Yes the threads are bone. Think a soak in mineral oil would be okay? Polish it with? I use Mothers Plastic Polish on my other handles, would this work?
 
A good soak would probably be good. Polish, I meant give it a good elbow grease work with the mineral oil to polish and coat at the same time. Maybe others with more professional experience in bone can chime in.
 
Wow that's awesome. Top right hand corner is it. I would live to buy a dozen of these for $14 today. :thumbup: Thank you for finding that I never would have thought about an old ad.
 
Yes the threads are bone. Think a soak in mineral oil would be okay? Polish it with? I use Mothers Plastic Polish on my other handles, would this work?


I've soaked bone handled knives in mineral oil - when the bone has slightly shrunk and also as a preventive measure (the shrinking thing). So, using mineral oil is good.

I haven't used "Mother" on bone. For buffing, I use a cotton buffing wheel and jewelers white rouge. Since this compound is used for metal, I assume "Mothers" would work. I would suggest you do a test polish on a small area that isn't seen often. . .like the base.

You can sand the bone just like plastic handles, using progressively finer grits, and the same sanding rules apply. AVOID breathing the dust.
 
I've soaked bone handled knives in mineral oil - when the bone has slightly shrunk and also as a preventive measure (the shrinking thing). So, using mineral oil is good.

I haven't used "Mother" on bone.

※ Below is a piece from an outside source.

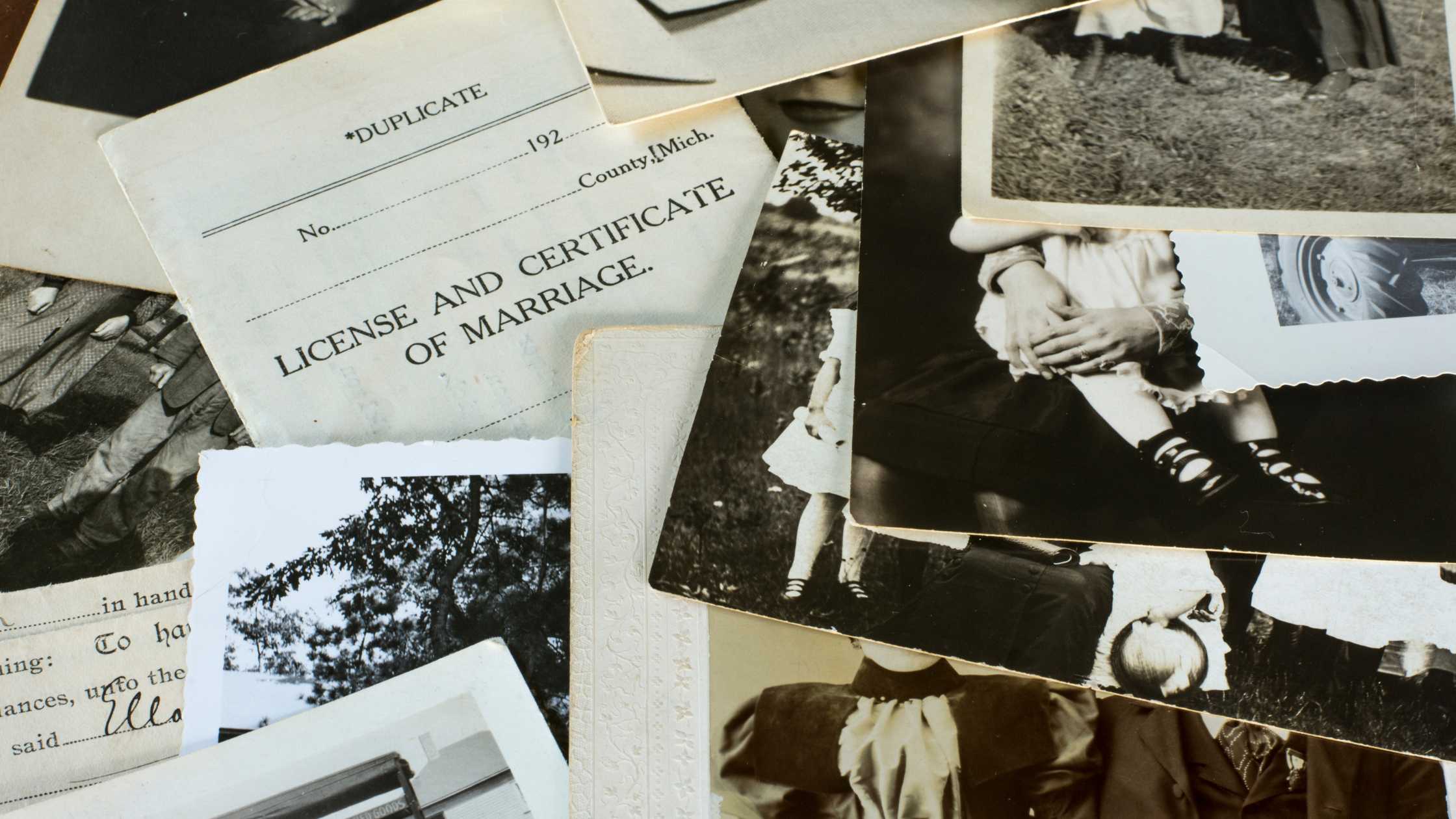 Create your own family cookbook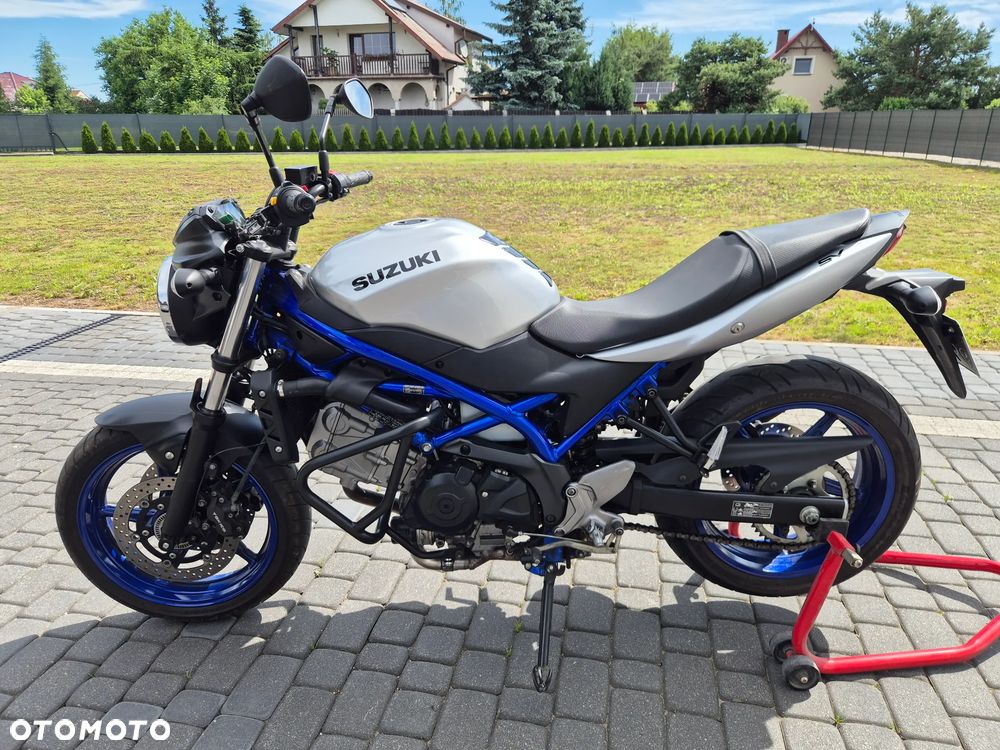 Suzuki SV - 1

For buffing, I use a cotton buffing wheel and jewelers white rouge. Since this compound is used for metal, I assume "Mothers" would work. I would suggest you do a test polish on a small area that isn't seen often. . .like the base.

You can sand the bone just like plastic handles, using progressively finer grits, and the same sanding rules apply. AVOID breathing the dust.

Nice I will try to soak them and wipe them off first then I might try sanding them if they don't come clean.
 
I googled it, wet sanding is recommended, with very fine grits. It also said that soaking in mineral oil was great for it, to watch it, don't let it dry out. One concern was getting it wet and letting it dry out, causing it to crack. It said to soak it in mineral oil regularly to make sure it couldn't absorb water. It is a beaut, but it will require more regular maintenance it sounds like.
Johnnie
 
id try a little bleach.try a dad on a qtip and rub the bottom if it works do the whole thing then sand with fie paper.i look fwrd to seeing it restored.